### Task to complete:
From the line containing "Reconstructive Surgery Before" down to the line containing "سفت شدن پوست انگشت به دلیل ایجاد زگیل", copy out the entries below exactly, both lines included, and nothing else; pictures do not belong in the copy.

Supplied information: Begin

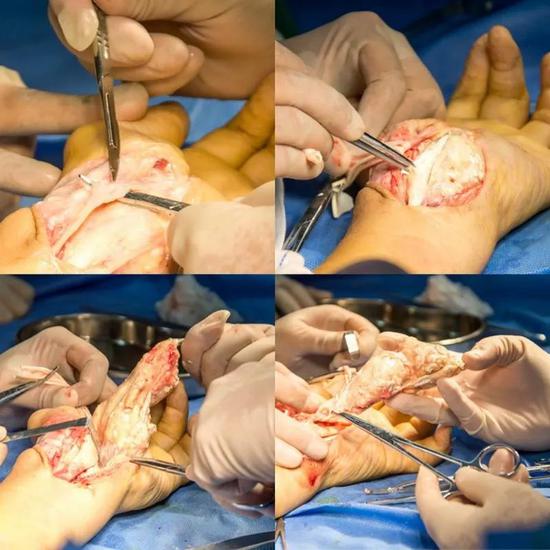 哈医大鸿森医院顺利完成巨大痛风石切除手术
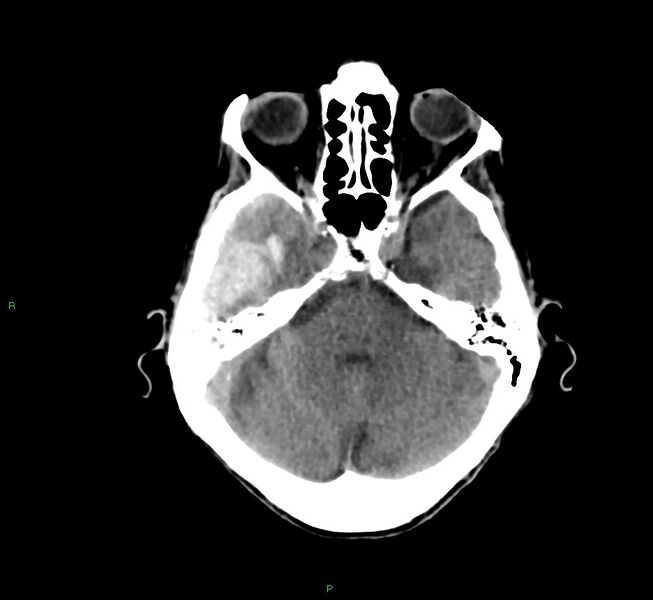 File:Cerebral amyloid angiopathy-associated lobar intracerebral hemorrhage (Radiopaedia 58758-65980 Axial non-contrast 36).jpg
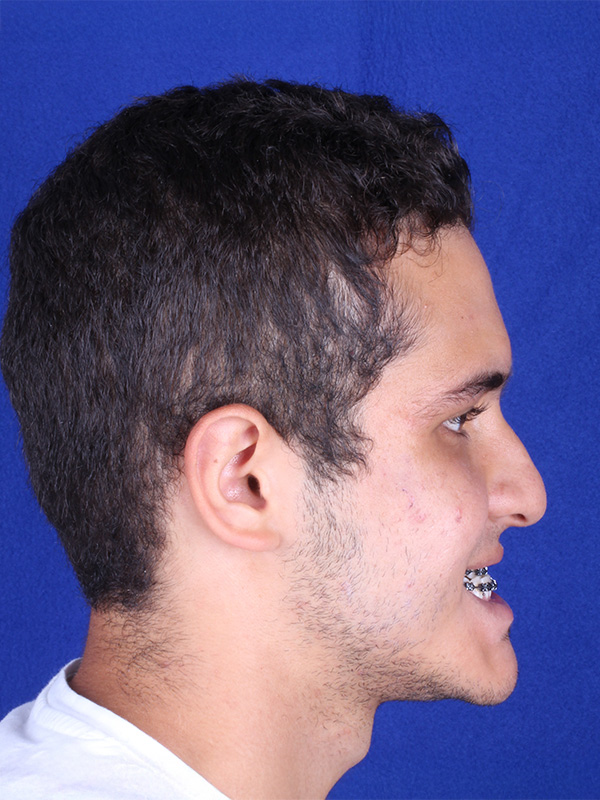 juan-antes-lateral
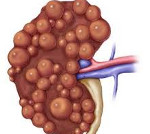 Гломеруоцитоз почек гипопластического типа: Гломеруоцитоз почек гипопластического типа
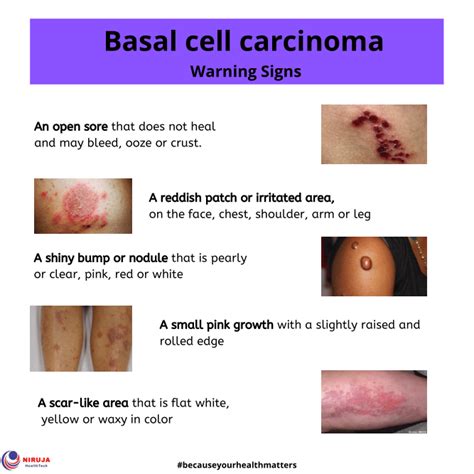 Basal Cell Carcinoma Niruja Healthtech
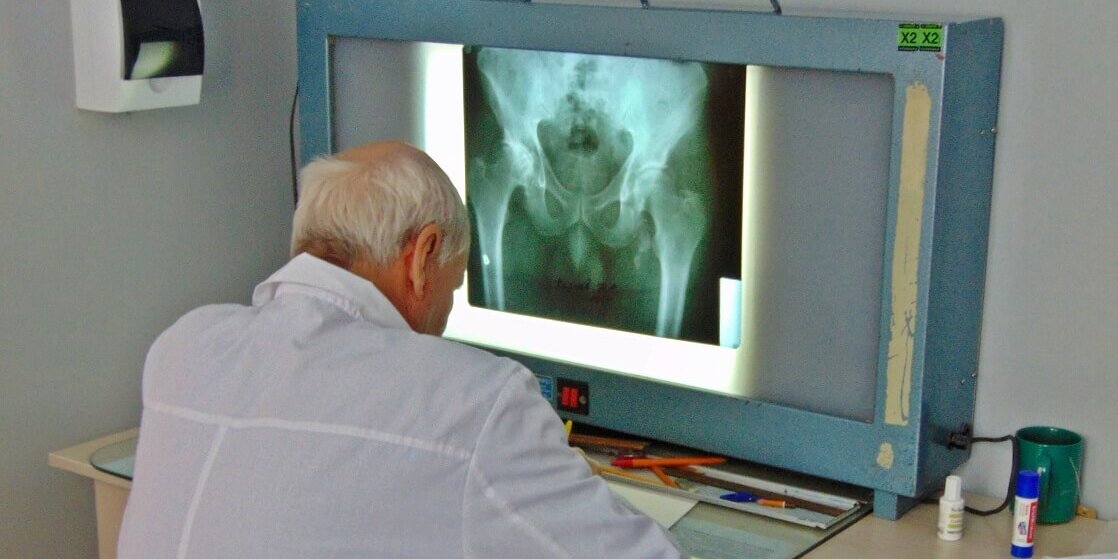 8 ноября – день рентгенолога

Supplied information: End
Supplied information: Begin

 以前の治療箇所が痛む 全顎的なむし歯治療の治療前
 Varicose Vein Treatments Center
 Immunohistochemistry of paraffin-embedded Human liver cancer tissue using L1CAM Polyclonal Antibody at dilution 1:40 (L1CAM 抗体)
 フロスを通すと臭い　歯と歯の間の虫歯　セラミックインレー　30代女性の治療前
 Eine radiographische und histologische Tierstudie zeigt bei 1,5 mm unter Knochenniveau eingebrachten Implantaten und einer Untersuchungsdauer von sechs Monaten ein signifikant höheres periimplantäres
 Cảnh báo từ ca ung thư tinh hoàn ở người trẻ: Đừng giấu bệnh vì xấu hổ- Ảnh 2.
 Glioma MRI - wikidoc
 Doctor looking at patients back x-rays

Supplied information: End
Supplied information: Begin

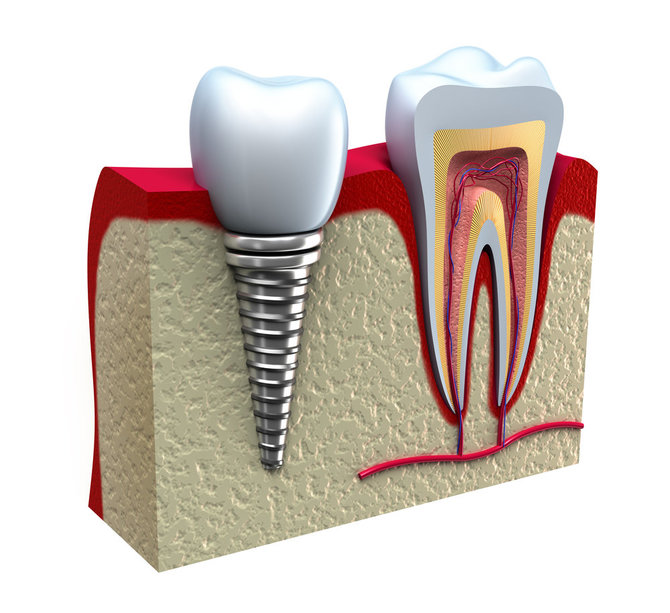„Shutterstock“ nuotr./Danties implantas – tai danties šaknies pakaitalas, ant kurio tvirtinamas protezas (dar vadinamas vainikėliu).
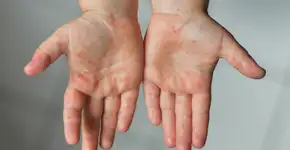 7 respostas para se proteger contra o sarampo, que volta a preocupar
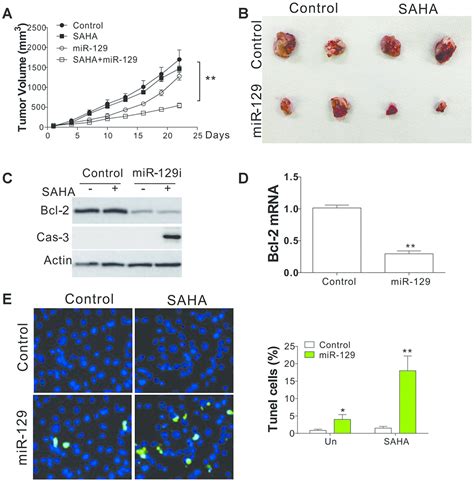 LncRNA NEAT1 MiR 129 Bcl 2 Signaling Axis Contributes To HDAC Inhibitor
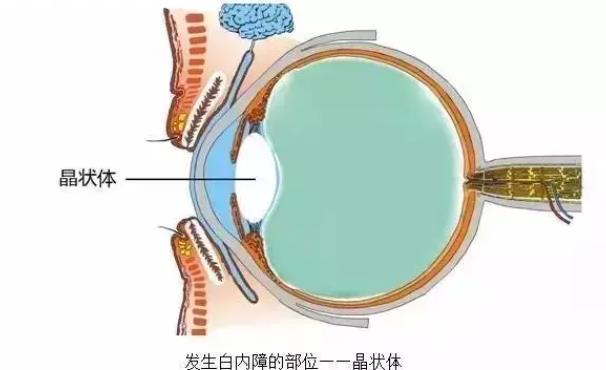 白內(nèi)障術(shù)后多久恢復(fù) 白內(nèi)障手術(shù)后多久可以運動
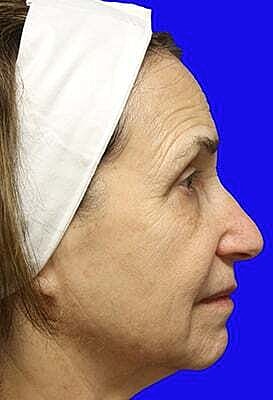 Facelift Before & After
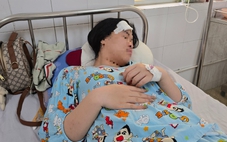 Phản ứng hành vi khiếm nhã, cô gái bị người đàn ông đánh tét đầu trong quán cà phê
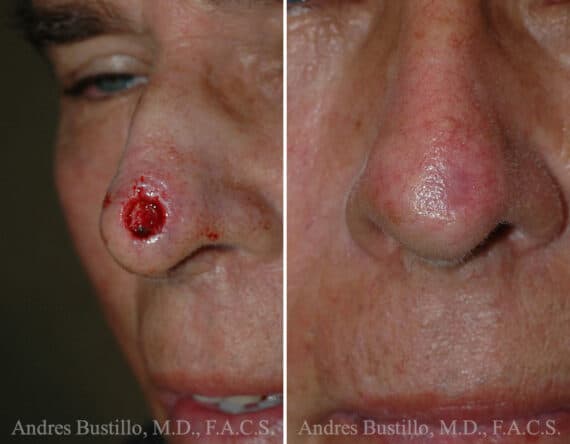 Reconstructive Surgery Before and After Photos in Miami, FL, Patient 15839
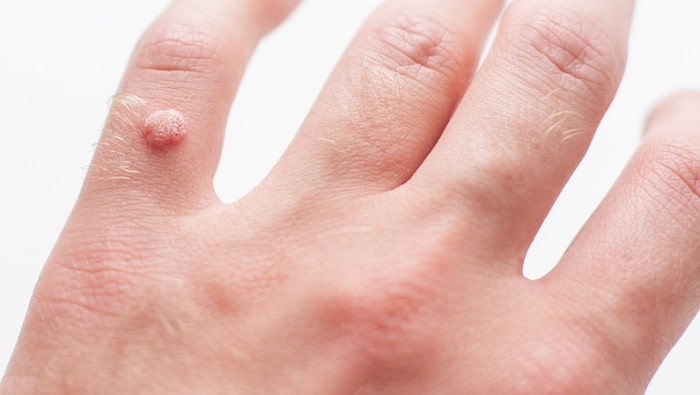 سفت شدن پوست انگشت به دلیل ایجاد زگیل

Supplied information: End

### Result for this exercise:
 Reconstructive Surgery Before and After Photos in Miami, FL, Patient 15839
 سفت شدن پوست انگشت به دلیل ایجاد زگیل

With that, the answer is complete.